You just stated Goodharts law in effect.*

[*] https://en.wikipedia.org/wiki/Goodhart%27s_law


Also known as Goodharts law.

No VC makes an investment off the star count. It’s a signal to identify opportunities in the noise.

Once surfaced, there’s other signals to filter if an initial conversation is even worth it.

Assuming everyone else is just stupid and it’s all luck is a good way to hold yourself back from your potential.


> This would be like an NFL team drafting a quarterback based on how many instagram followers they have rather than a relevant metric

sounds like how the ufc does it


> This would be like an NFL team drafting a quarterback based on how many instagram followers they have rather than a relevant metric like pass completion, or god forbid, doing some work and actually scouting candidates. Maybe the Cleveland Browns would do that

Not quite the same, but the New York Jets (one of the few NFL teams that can match the dysfunction of the Browns — they have the longest active playoff drought in big 4 North American sports) passed on a few successful players because the owner, Woody Johnson, reportedly didn't like their Madden (video game) ratings [0]:

> A few weeks later, Douglas and his Broncos counterpart, George Paton, were deep in negotiations for a trade that would have sent Jeudy to the Jets and given future Hall of Fame quarterback Aaron Rodgers another potential playmaker. The Broncos felt a deal was near. Then, abruptly, it all fell apart. In Denver’s executive offices, they couldn’t believe the reason why.

> Douglas told the Broncos that Johnson didn’t want to make the trade because the owner felt Jeudy’s player rating in “Madden NFL,” the popular video game, wasn’t high enough, according to multiple league sources. The Broncos ultimately traded the receiver to the Cleveland Browns. Last Sunday, Jeudy crossed the 1,000-yard receiving mark for the first time in his career.

...

> Johnson’s reference to Jeudy’s “Madden” rating was, to some in the Jets’ organization, a sign of Brick and Jack’s influence. Another example came when Johnson pushed back on signing free-agent guard John Simpson due to a lackluster “awareness” rating in Madden. The Jets signed Simpson anyway, and he has had a solid season: Pro Football Focus currently has him graded as the eighth-best guard in the NFL.

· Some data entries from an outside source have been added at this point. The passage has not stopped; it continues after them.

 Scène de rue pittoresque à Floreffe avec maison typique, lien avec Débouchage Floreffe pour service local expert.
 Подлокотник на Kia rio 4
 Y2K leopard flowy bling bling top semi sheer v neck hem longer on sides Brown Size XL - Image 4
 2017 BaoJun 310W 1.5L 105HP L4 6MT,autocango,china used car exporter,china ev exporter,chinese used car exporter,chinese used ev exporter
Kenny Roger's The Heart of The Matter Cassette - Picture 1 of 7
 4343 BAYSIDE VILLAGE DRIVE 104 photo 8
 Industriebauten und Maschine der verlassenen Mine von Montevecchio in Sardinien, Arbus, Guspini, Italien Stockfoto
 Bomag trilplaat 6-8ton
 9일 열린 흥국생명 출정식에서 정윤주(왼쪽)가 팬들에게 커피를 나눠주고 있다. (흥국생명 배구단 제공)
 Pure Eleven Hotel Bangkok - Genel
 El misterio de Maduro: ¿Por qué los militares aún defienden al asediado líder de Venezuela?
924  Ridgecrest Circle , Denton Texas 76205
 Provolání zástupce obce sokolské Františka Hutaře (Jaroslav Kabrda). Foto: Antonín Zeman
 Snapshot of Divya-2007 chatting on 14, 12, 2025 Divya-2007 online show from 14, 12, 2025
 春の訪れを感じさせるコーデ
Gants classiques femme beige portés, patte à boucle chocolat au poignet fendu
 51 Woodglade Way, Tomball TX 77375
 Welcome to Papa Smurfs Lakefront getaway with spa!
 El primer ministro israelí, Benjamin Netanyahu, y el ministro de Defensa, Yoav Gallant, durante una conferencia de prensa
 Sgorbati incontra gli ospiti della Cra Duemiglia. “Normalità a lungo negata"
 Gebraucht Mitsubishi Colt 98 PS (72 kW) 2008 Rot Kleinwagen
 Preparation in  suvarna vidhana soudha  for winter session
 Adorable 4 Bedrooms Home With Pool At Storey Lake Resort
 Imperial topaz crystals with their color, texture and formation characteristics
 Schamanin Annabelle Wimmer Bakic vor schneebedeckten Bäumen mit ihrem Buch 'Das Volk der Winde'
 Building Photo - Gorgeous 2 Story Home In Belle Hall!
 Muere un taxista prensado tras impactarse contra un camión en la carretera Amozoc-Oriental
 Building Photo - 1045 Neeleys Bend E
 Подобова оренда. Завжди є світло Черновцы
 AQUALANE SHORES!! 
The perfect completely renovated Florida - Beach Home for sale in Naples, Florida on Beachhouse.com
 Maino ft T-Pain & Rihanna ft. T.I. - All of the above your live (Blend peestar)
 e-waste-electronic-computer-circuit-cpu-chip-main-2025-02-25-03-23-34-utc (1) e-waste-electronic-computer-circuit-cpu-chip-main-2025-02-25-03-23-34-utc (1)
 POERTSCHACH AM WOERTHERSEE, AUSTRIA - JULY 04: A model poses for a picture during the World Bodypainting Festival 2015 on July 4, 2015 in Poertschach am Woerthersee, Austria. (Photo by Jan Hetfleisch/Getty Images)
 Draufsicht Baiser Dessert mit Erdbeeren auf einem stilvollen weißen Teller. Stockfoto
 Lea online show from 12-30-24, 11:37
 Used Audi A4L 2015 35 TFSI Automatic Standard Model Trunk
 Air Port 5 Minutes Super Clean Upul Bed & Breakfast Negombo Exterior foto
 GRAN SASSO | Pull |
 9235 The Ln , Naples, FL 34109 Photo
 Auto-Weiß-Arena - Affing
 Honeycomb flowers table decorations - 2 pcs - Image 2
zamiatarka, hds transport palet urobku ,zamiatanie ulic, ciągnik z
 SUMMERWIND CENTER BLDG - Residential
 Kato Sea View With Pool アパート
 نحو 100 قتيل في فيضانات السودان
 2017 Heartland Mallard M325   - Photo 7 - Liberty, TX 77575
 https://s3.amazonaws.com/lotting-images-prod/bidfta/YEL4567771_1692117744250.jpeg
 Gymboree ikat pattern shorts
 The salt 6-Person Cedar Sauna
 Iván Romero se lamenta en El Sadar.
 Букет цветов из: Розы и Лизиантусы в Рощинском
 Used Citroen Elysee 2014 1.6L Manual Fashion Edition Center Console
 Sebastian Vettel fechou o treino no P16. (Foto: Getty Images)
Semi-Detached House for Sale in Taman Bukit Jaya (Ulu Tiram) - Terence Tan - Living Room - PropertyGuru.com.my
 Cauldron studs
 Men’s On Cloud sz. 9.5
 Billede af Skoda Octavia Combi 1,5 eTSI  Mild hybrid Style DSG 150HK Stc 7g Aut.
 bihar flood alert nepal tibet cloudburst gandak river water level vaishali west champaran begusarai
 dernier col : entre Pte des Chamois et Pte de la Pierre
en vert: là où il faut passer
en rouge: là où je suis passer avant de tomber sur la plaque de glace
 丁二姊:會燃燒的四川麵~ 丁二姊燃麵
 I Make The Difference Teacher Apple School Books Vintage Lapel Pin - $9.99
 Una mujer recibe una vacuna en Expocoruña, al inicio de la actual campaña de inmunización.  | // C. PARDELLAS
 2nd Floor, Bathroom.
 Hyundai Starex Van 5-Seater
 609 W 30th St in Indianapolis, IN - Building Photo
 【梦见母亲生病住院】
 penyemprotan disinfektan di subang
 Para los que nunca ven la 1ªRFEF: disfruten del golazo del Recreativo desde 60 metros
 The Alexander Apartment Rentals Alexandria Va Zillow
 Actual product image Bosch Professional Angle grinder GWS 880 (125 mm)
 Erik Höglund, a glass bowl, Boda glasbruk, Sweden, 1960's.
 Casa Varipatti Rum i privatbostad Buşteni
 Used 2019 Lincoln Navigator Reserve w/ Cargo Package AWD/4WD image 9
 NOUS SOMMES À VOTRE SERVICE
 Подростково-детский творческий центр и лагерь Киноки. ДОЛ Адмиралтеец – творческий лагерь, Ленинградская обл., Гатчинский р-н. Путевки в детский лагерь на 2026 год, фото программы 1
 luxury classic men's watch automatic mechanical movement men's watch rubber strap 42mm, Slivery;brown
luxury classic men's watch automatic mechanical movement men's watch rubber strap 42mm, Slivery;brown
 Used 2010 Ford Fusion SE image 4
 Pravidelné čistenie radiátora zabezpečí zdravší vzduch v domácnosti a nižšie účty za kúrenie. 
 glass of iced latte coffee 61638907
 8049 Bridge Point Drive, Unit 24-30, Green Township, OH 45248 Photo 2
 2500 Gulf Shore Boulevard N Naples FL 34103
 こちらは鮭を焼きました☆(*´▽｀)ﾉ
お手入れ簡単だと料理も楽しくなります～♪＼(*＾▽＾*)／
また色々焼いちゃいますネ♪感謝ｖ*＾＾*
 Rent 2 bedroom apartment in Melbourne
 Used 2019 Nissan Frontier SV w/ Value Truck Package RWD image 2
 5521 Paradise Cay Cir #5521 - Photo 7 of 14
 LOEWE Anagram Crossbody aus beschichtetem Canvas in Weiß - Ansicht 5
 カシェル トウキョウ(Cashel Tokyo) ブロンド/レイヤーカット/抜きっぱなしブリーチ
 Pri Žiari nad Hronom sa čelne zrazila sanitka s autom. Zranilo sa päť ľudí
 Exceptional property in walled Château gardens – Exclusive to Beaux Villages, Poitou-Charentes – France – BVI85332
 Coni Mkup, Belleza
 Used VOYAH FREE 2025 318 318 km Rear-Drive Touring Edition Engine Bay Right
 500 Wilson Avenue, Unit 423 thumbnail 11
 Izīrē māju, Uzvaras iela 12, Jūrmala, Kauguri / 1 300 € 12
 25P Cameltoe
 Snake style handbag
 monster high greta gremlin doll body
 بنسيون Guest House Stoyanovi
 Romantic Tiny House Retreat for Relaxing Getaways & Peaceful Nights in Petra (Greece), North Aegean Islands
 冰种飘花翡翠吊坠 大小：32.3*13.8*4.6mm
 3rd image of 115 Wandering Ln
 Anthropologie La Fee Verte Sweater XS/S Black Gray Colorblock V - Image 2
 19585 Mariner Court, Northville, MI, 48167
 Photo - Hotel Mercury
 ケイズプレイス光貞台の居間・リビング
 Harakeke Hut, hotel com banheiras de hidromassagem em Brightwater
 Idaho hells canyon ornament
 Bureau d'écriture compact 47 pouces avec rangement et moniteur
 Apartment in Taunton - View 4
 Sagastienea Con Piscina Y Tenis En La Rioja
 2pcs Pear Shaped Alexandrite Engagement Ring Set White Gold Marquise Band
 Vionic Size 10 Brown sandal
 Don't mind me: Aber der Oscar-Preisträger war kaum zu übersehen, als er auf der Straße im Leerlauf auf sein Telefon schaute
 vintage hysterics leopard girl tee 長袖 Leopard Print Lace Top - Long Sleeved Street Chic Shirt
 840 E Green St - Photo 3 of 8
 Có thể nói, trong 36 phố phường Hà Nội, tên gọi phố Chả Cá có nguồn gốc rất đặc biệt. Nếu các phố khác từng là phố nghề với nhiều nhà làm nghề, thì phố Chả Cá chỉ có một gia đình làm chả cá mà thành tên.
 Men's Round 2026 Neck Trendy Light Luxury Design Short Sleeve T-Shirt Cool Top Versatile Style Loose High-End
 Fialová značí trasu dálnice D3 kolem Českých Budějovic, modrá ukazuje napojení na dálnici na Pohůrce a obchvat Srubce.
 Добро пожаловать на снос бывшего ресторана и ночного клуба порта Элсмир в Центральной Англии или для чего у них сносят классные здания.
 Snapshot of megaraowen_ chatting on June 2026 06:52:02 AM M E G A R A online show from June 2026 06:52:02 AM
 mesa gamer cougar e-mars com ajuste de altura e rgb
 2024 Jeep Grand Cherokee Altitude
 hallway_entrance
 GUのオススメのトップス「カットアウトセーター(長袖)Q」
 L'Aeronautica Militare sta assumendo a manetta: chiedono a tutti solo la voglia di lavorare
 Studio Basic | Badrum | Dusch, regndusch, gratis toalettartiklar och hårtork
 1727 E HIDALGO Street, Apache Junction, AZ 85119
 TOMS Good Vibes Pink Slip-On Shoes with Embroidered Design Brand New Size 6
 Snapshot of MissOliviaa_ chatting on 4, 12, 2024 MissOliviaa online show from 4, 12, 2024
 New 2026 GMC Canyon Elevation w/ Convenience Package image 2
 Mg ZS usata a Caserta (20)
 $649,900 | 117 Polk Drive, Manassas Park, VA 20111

[0] https://www.nytimes.com/athletic/6005172/2024/12/19/woody-jo...


Almost all industries have divested themselves from the thing thing they supposedly had expertise in towards exploiting crowdsourced alternatives and then pocketing the extra money.

Record labels did this with soundcloud or only picking up people who already had a following. Movies have done this repeatedly with adaptation (due respect to people who like their books remade faithfully, there's a reason the 70's/80's were that decade and it basically stopped once Comics/LotR arrived). A24 represents a disruption, not a normal studio. Books did this with webnovels or paying dirt cheap and making the Author market.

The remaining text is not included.